--- Information Enclosed Below ---

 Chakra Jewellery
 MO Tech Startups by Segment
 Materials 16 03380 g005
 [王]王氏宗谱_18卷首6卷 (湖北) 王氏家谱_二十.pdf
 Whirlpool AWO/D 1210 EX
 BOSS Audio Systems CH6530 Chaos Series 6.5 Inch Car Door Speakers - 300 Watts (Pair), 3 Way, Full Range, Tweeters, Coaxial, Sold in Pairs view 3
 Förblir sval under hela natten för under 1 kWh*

--- End of Enclosed Information ---
--- Information Enclosed Below ---

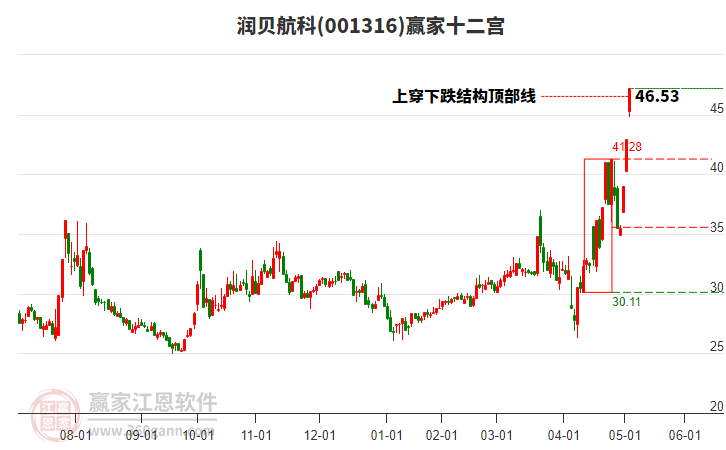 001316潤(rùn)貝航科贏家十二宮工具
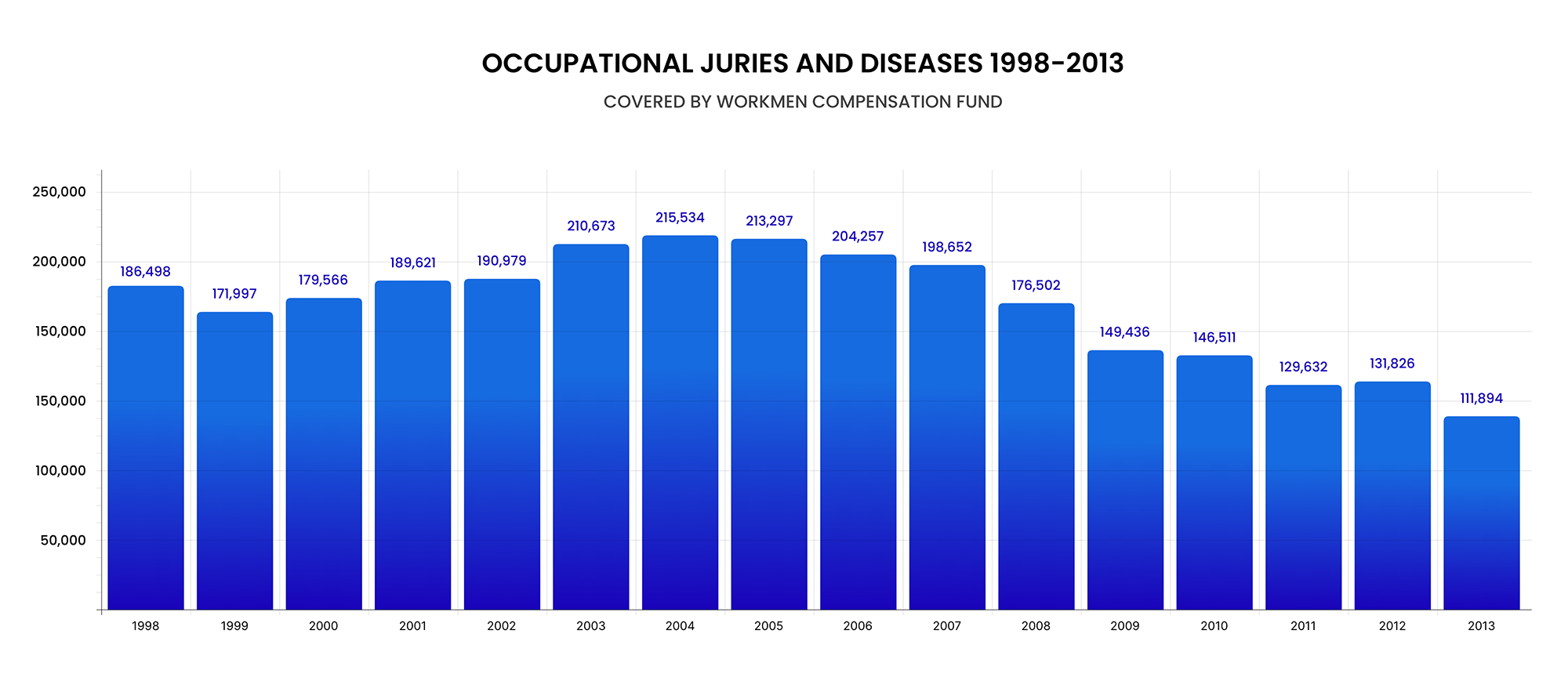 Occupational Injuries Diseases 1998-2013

--- End of Enclosed Information ---
--- Information Enclosed Below ---

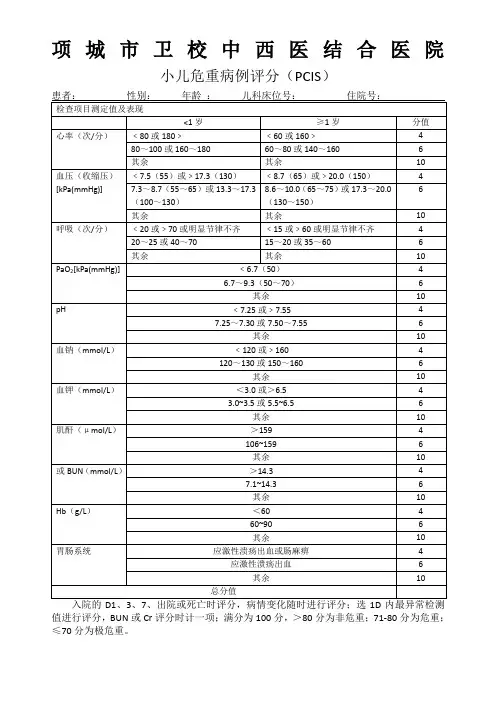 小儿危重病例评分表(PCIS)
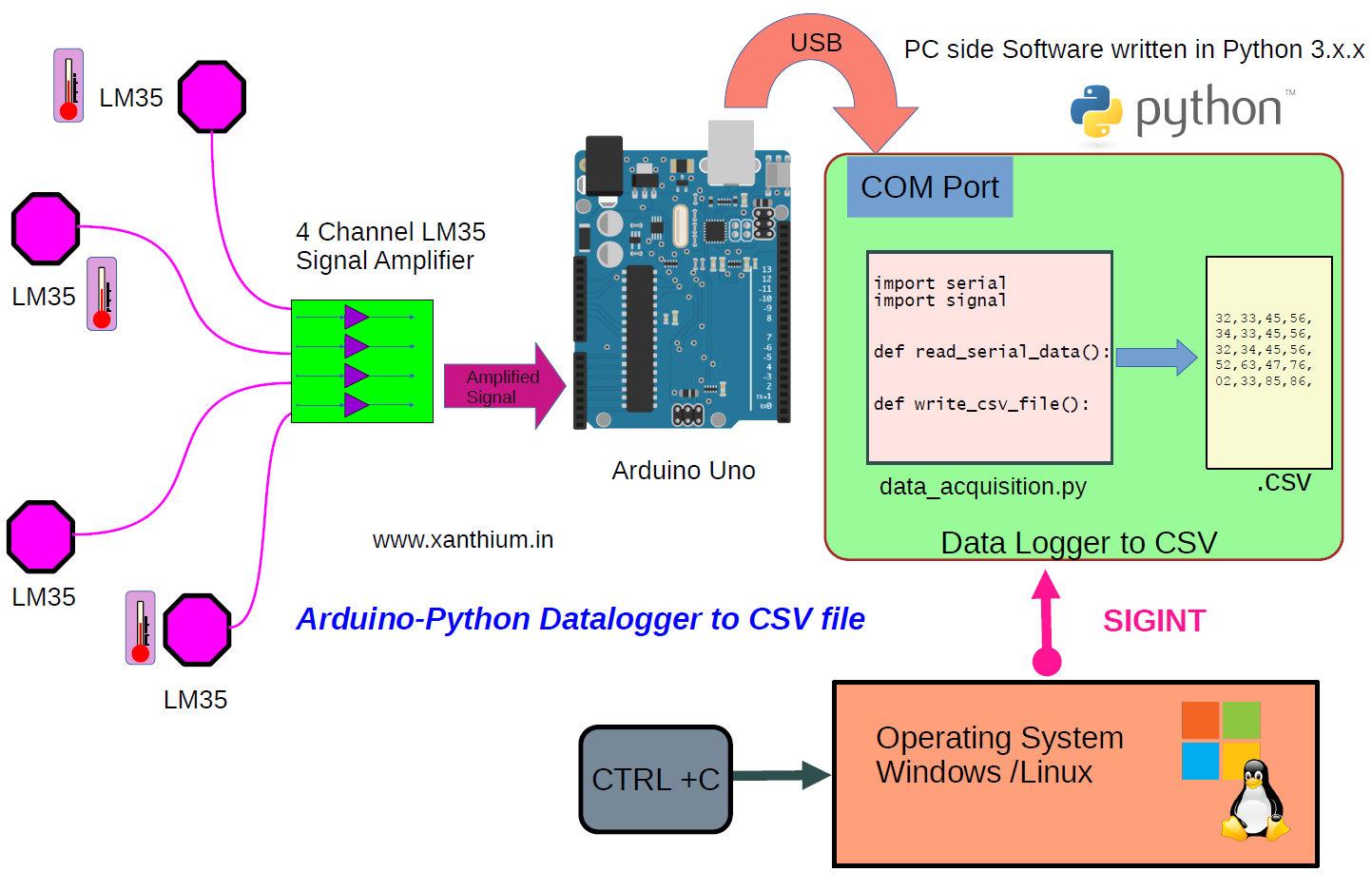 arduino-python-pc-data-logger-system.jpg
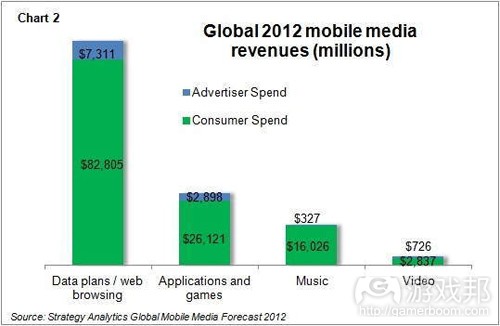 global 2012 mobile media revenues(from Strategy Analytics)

--- End of Enclosed Information ---

Exercise - Starting at the line above that contains "001316潤(rùn)貝航科贏家十二宮工具", transcribe every line exactly through the line that contains "Occupational Injuries Diseases 1998-2013", including that last one, and skip the pictures.

Your solution -
 001316潤(rùn)貝航科贏家十二宮工具
 Occupational Injuries Diseases 1998-2013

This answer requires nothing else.